PROBLEM
Transcribe all the lines below exactly. Omit the pictures.

MATERIAL PROVIDED
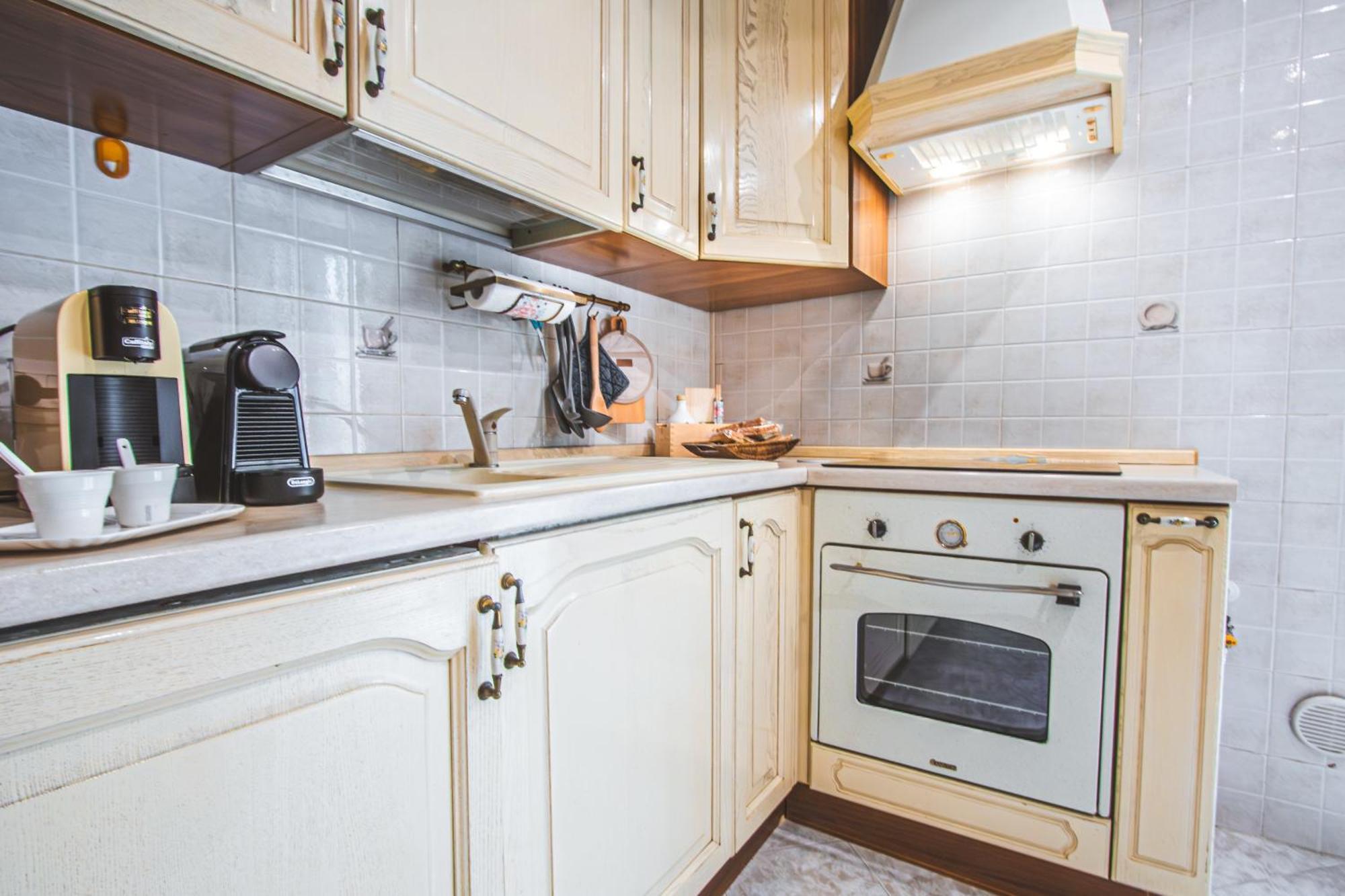 Apartmán Favolhouse Bari Exteriér fotografie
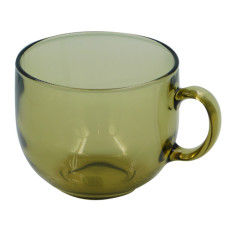 чашка 500мл. "Boss" димчаста  (24)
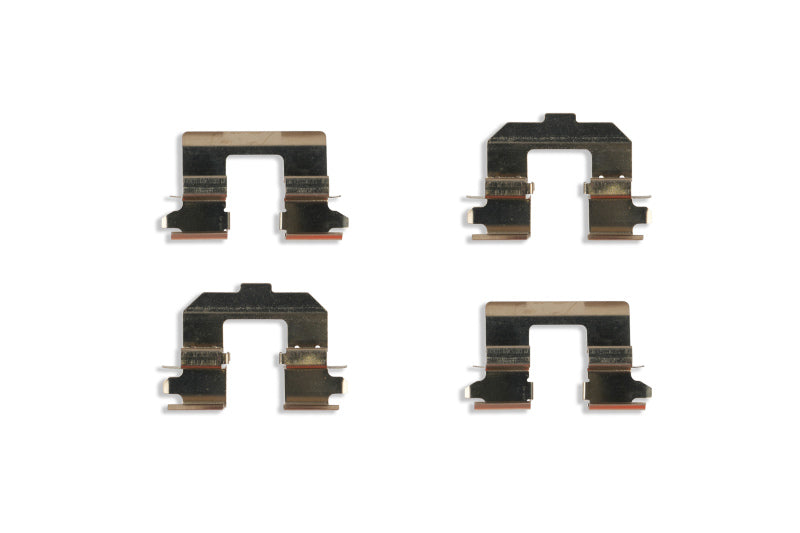DBA 15-19 Ford Mustang GT (w/Performance Package/380mm Front Rotor) SP Performance Rear Brake Pads - DB9022SP
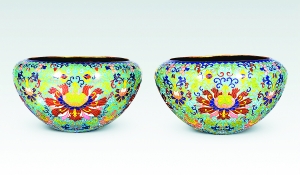 景泰蓝鉴别的&ldquo;四看&rdquo;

SOLUTION
 Apartmán Favolhouse Bari Exteriér fotografie
 чашка 500мл. "Boss" димчаста  (24)
DBA 15-19 Ford Mustang GT (w/Performance Package/380mm Front Rotor) SP Performance Rear Brake Pads - DB9022SP
 景泰蓝鉴别的&ldquo;四看&rdquo;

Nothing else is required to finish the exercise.